I also learned that during the selection process if they run out of potential jurors the court has the right to send officers of the court out onto the street to round people up. One of the deputys told me they have had to do this in the past.

Keep in mind that this is on the Outer Banks of North Carolina - It could be different in the “real world”. :rolleyes:

beatle, you’re either brave or stupid to diss a moderator like this.

This is terribly geeky, I know, but I was called recently and I was happy to do it. Three reasons: First, i was due - I had made it to age 42 before being called. Second, since my employer pays for jury days, I figured it was less stress and more interesting than my REAL job. Third, I agree with the point above regarding “if you don’t serve, don’t complain about the OJ verdict.”
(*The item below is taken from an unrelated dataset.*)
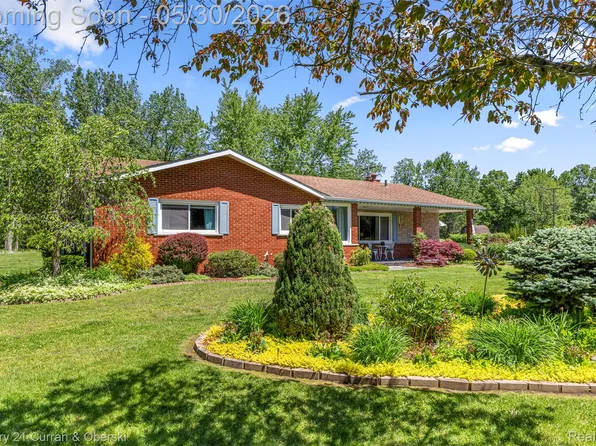 38894 S Huron Rd, New Boston, MI 48164
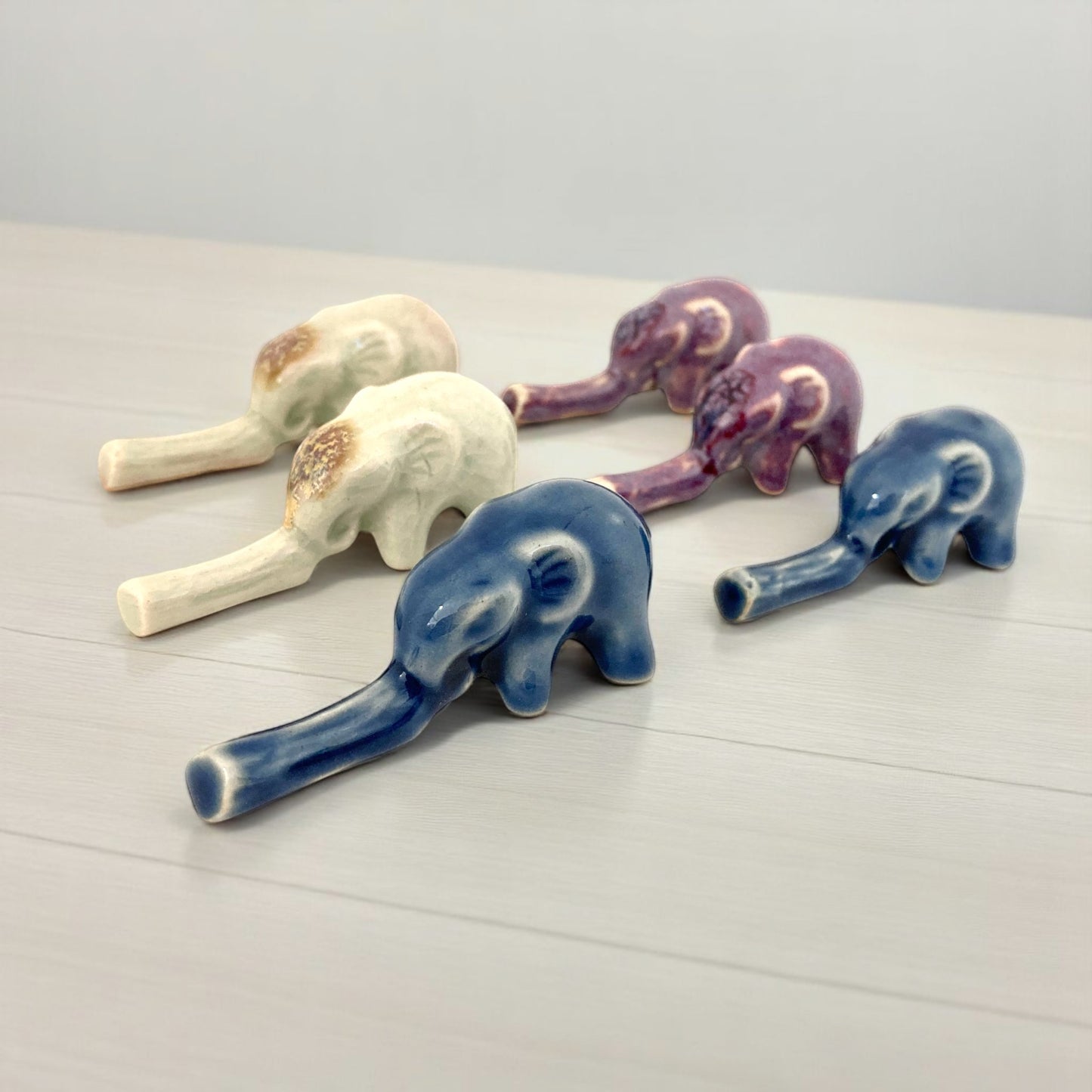 ゾウの箸置き2個セット　3カラー　アジアン陶器　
I recieved a jury summons in the mail addressed to the woman I bought my house from almost 2 years ago.

I threw it in the trash…

Hope she’s not in jail for that one!

I do always show up BTW. Occasionally there are some good looking women there, who are also as bored as you are.


My son got called once for jury duty. They were looking for jurors to sit for what seemed to be a frivilous lawsuit brought by a woman who allegedly suffered mental distress after being stuck in an elevator for an hour or so at a 2 story mall. The plaintiff’s attorney asked him “Have you yourself ever been stuck in an elevator at a mall?” he answered “Only when me and my friends jammed it.” Dismissed.

Since I moved to Baltimore City (MD), I’ve had jury duty 4 times in 5 years. I lived in Baltimore County for 12 years after I registered to vote, and never got called.

I was in a jury pool once when the judge decided there were not enough jurors. He had the court clerk retrieve a list of potential jurors who had not shown up that day, and proceeded to tell us that he was going to issue summonses to those people for contempt of court.

Okay, in about a year I got called 4 times. However, very often your group does not meet at the courthouse. So, if you throw it out & your group doesn’t meet, they won’t know.

When your group does meet & your don’t show up, then they know.

I’m in King County…Seattle. I accidentally showed up a day late for jury duty. The lady ripped up my summons, and told me that I’d get another one in the near future. Its been 3 years, and I haven’t heard a thing.

In NYC the system recently changed. You get one free “Oops-I-never-saw-my-summons,” and then they can start making your life difficult. I responded to the second summons, and discovered that the process is now a lot easier. In the bad old days, there were so many automatic exemptions that the few people left would have to show up every morning and sit around waiting – for two weeks. Now there are no exceptions, which I think is as it should be. I’m a lawyer, yes, but I don’t know much more about the criminal law than someone who watches Homicide. Under the new system, at most you have to show up for four days, usually it’s only three, and in my case (which I guess is pretty common) it was only two days, which just isn’t that big of a commitment for upholding the jury system.

Of course, the Chief Judge of New York and our mayor both made a point of showing up for their jury duties. Occasionally you hear of retired judges being empaneled!